Read the full judgement here.
Marina Developments Ltd v Owner(s) of M/Y “Durando” [2026] EWHC 625
The Court held that the unauthorised removal from a marina of an arrested vessel constituted a clear and serious contempt of court, emphasising the importance of arrest orders. The Court proceeded in the defendant’s absence and found the contempt proved. While no sentence was imposed at that stage, the Court indicated that a custodial sentence would be a realistic outcome, subject to any mitigation or steps taken (namely return of the vessel) to purge the contempt.
Monford Management Ltd v Afina Navigation Ltd [2026] EWCA Civ 251 (18.03.26)
Two bulk carriers, the KIVELI and AFINA I, collided off the south coast of Greece, causing substantial damage to both. The Admiralty judge found that the COLREGS 1972 applied and allocated primary fault to the KIVELI (80:20). CA considered the challenge as to whether the encounter qualified as a “head on” situation under Rule 41 but upheld the trial decision, confirming that full visibility of sidelights is not required, and that vessels on reciprocal or near-reciprocal courses fall within the Rule. The CA clarified that Rule 14 obligations continue until the collision risk ends and noted that nautical assessors are not appointed as a matter of course on appeals, requiring parties to justify their necessity and scope. The appeal was dismissed.
Read the full judgment here.
SLB & Ors v PAK & Ors [2026] EWHC 449 (Comm) (12.03.26)
Buyers terminated ten shipbuilding contracts after the yard failed to procure refund guarantees within the contractual 120 day period. They also claimed loss of bargain damages. The arbitral tribunal held that the obligation was an innominate term, such that Owners were not entitled to loss of bargain damages in addition to cancellation. The Court dismissed Buyers’ section 69 appeal, ruling that the obligation was not a condition but an innominate term, the specific contractual right of cancellation being the remedy for such default.
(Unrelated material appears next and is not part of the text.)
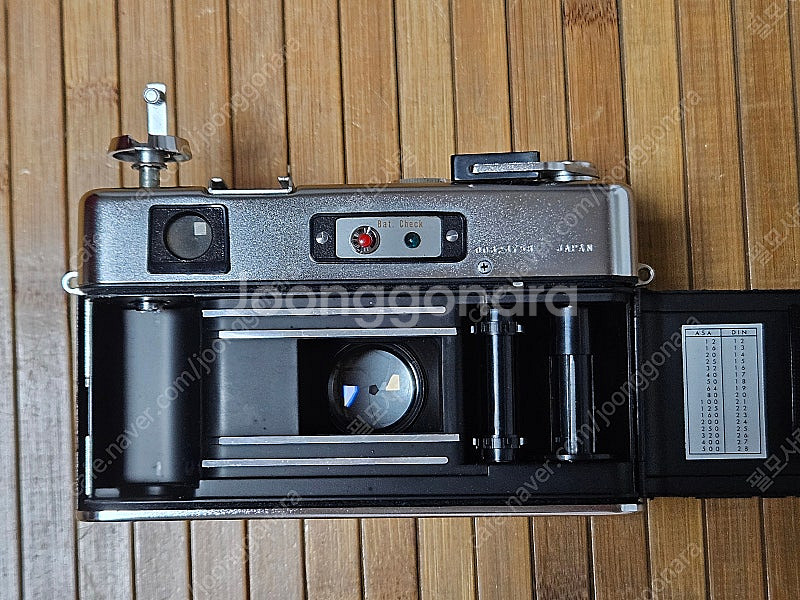 야시카의 RF 카메라 Yashica Electro 35...--3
Read the full judgment here.
London Arbitration 4/26 (2026) LMLN 1203
Time Charterers relied on a WRC Report to justify deductions from hire for underperformance and overconsumption based on (i) extrapolated ‘good weather’ underperformance; alternatively (ii) a fouled hull on delivery. The Tribunal dismissed the former as it failed to recognise the C/P ‘adverse current’ parameter and the latter as Charterers’ survey was inconclusive. Charterers’ contention that it was underperformance which caused Owners to incur regulatory costs under incorporated BIMCO emissions clauses (thus relieving Charterers from any reimbursement obligation) failed for the same reason.